The establishment data from the BLS showed a 275,000 increase in payroll employment for February, outpacing the 230,000 average over the previous 12 months. The payroll data for January and December were revised down by a total of 167,000. The private sector added 223,000 new jobs, the largest gain since May of last year.

Temporary help services employment continues a steep decline after a sharp post-pandemic rise.

Average hours of work increased from 34.2 to 34.3. The increase, along with the 223,000 private employment increase led to a hefty increase in total hours of 5.6% at an annualized rate, also the largest increase since May of last year.

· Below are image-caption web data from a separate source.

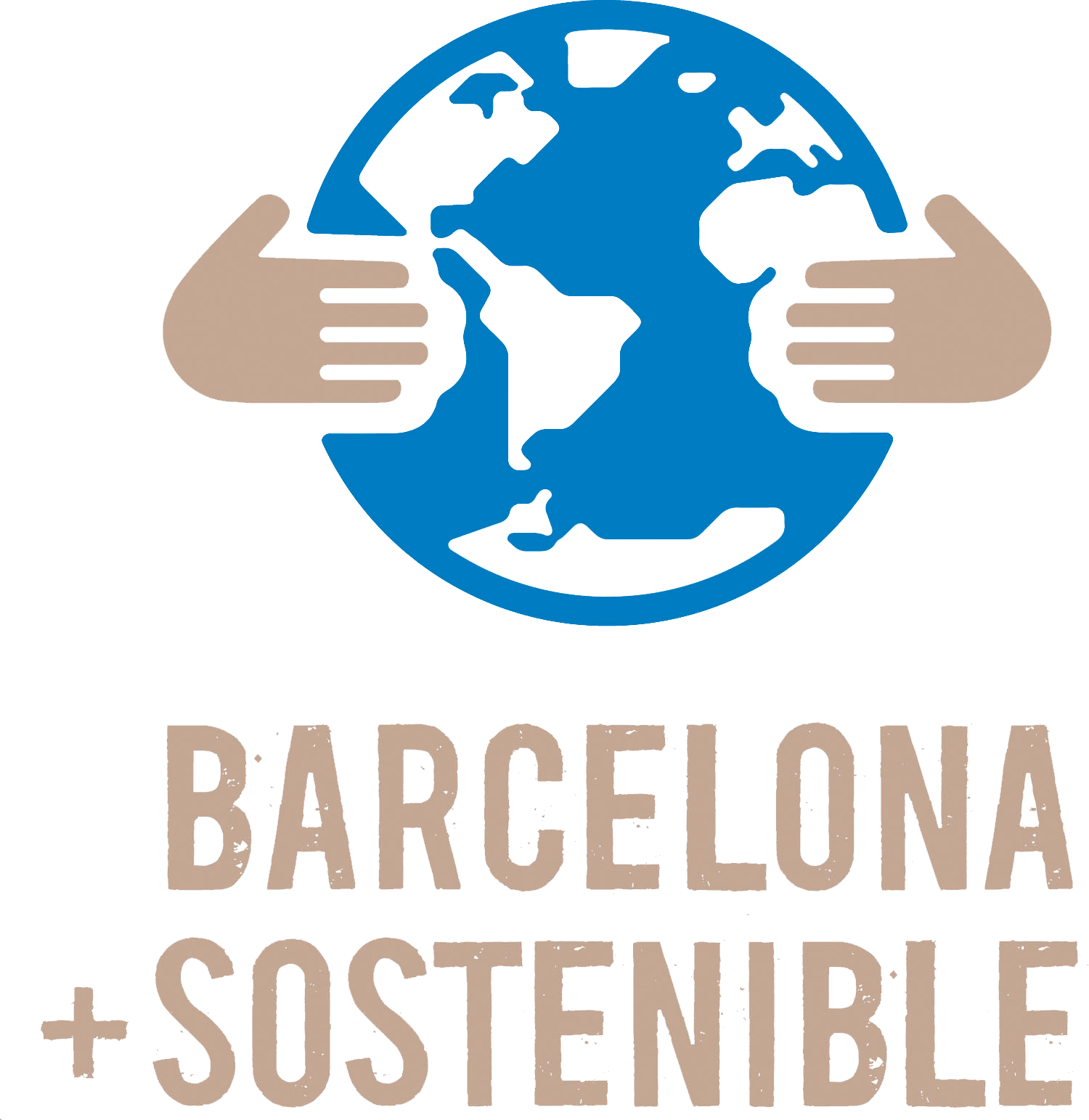 In Collaboration With - Peoples Bullshit And Fakeness (1500x1543), Png Download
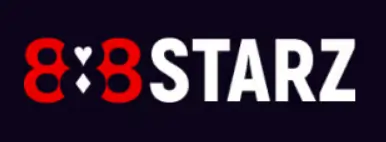 888starz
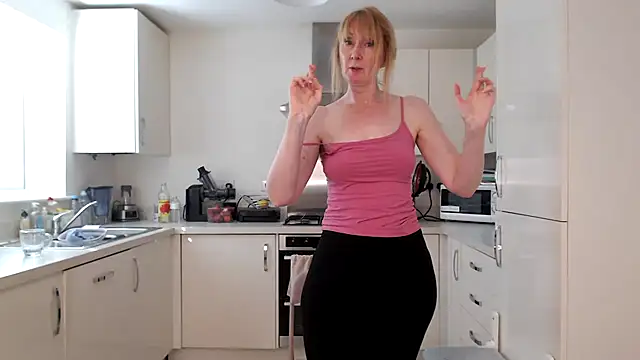 Anna_Rayen Live XXX chat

The establishment report, once again, beat “expectations;” the WSJ survey of economists was 198,000. Other than the downward revisions, mentioned above, another bit of negative news was a smallish increase in wage growth, from $34.52 to $34.57.

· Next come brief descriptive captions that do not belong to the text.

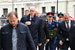 Председатель Следственного комитета Александр Бастрыкин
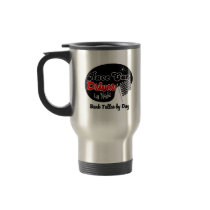 Race Car Driver by Night Bank Teller by Day Mugs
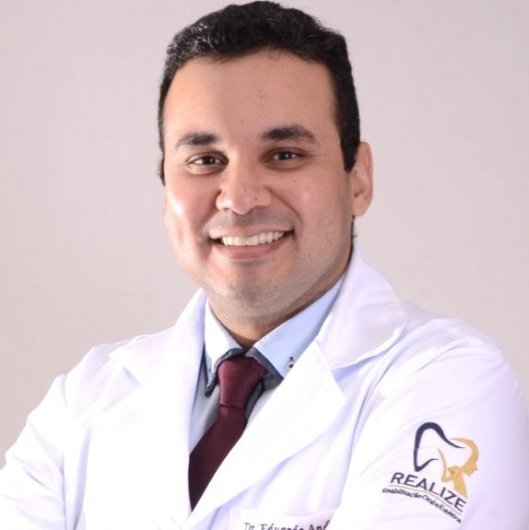 Dr. Eduardo de Lima Andrade
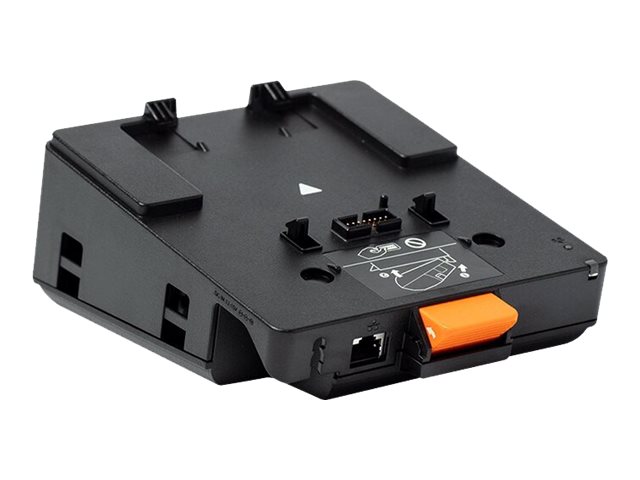 RJ3200 Single Cradle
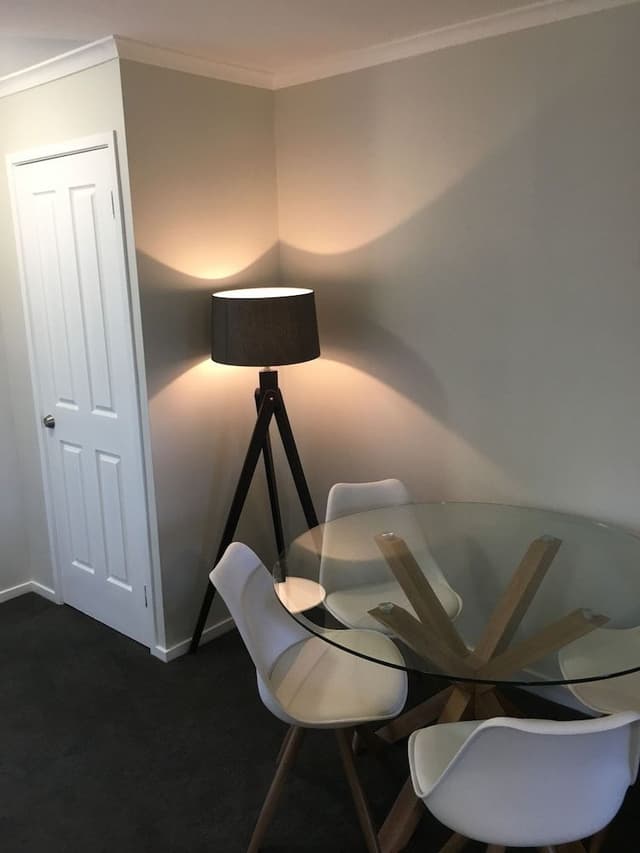 Apartment, 1 Bedroom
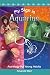 My Sign is Aquarius (Astrology for Young Adults)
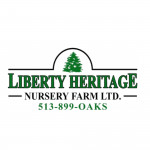 Liberty Heritage Nursery Farm Profile Picture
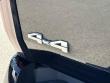 2022 Toyota Tundra 4WD Limited Truck CrewMax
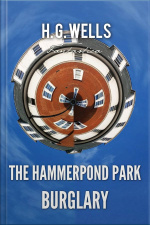 The Hammerpond Park Burglary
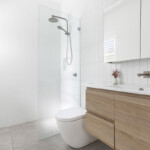 Hannan Street, Maroubra Hannan Street, Maroubra-05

The household survey shows that the labor force increased 150,000, a drop in employment of 184,000 and an increase in the number of unemployed persons of 334,000. The labor force participation rate held steady at 62.5, the employment to population ratio decreased from 60.2 to 60.1 and the unemployment rate increased from 3.66 to 3.86. Remember that the unemployment rate is the number of unemployed relative to the labor force (the number employed plus the number unemployed). Consequently, the unemployment rate can go up if the number of unemployed rises holding fixed the labor force, or if the labor force shrinks holding the number unemployed unchanged. An increase in the unemployment rate is not necessarily a bad thing: it may reflect a strong labor market drawing “marginally attached” individuals from outside the labor force. Indeed, there was a 96,000 decline in those workers.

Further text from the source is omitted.